Stored items:
* * * * *
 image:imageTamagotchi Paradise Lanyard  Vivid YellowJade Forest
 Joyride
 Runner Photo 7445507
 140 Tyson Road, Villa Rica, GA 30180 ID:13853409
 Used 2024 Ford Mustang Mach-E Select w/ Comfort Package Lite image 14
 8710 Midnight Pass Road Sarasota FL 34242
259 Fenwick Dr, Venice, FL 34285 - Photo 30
* * * * *
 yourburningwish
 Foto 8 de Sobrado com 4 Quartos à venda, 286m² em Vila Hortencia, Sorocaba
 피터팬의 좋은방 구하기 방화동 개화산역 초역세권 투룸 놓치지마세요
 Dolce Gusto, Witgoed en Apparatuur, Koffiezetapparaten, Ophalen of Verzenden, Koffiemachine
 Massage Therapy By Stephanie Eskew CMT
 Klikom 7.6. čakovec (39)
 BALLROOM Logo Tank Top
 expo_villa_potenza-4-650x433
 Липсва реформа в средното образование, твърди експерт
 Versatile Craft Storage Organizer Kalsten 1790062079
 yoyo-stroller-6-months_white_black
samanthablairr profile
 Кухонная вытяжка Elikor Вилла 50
* * * * *
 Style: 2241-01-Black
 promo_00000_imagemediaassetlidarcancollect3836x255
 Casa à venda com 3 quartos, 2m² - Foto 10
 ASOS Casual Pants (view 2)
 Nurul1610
* * * * *
Task to carry out: Respond with one number, namely the count of lines in the entries above that hold the word "Road".

Response: 2